> [RAW DATA]
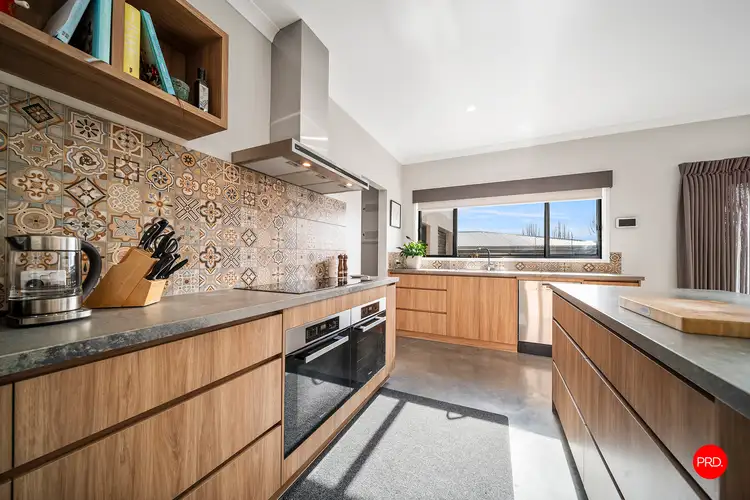 Sixth view of Homely house listing, 11 Eldridge Court, Kangaroo Flat VIC 3555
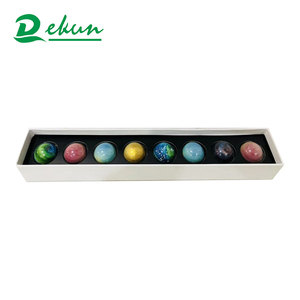Wholesale Custom Ramadan Eid Easter Dark Milk <strong>Chocolate</strong> Candy Sweets Paper Boxes for Food <strong>Packaging</strong> With Insert Tray Maker - Product Image 4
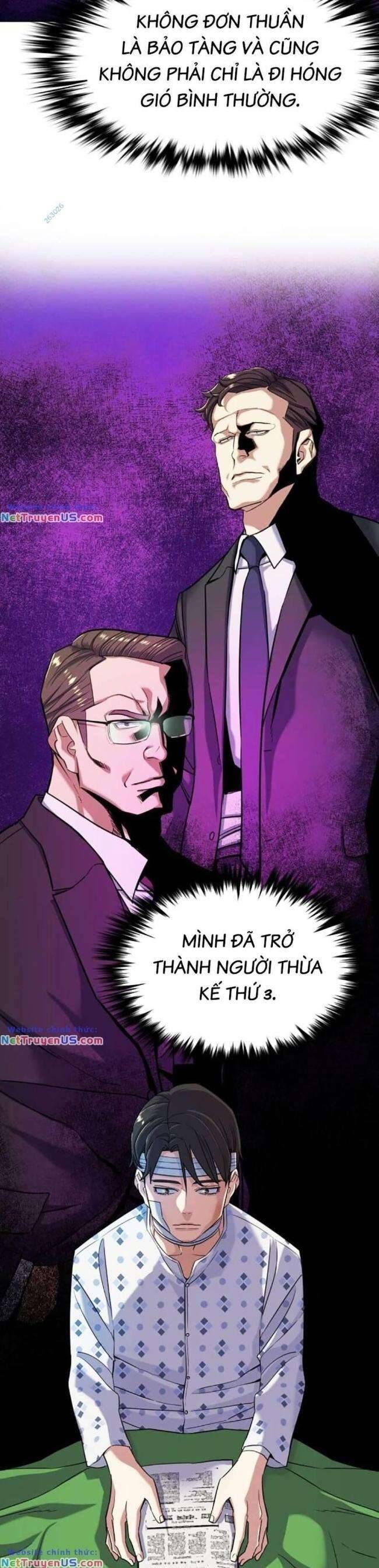 đọc truyện Tiểu Thiếu Gia Gia Tộc Tài Phiệt Chương 71 ảnh 35 tại Thiên Thai Truyện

> [TASK INSTRUCTIONS] Only the lines between the one containing "Wholesale Custom Ramadan" and the last line of the listing above, both included, should be written out, exactly and without pictures.

> [ANSWER SECTION]
Wholesale Custom Ramadan Eid Easter Dark Milk <strong>Chocolate</strong> Candy Sweets Paper Boxes for Food <strong>Packaging</strong> With Insert Tray Maker - Product Image 4
 đọc truyện Tiểu Thiếu Gia Gia Tộc Tài Phiệt Chương 71 ảnh 35 tại Thiên Thai Truyện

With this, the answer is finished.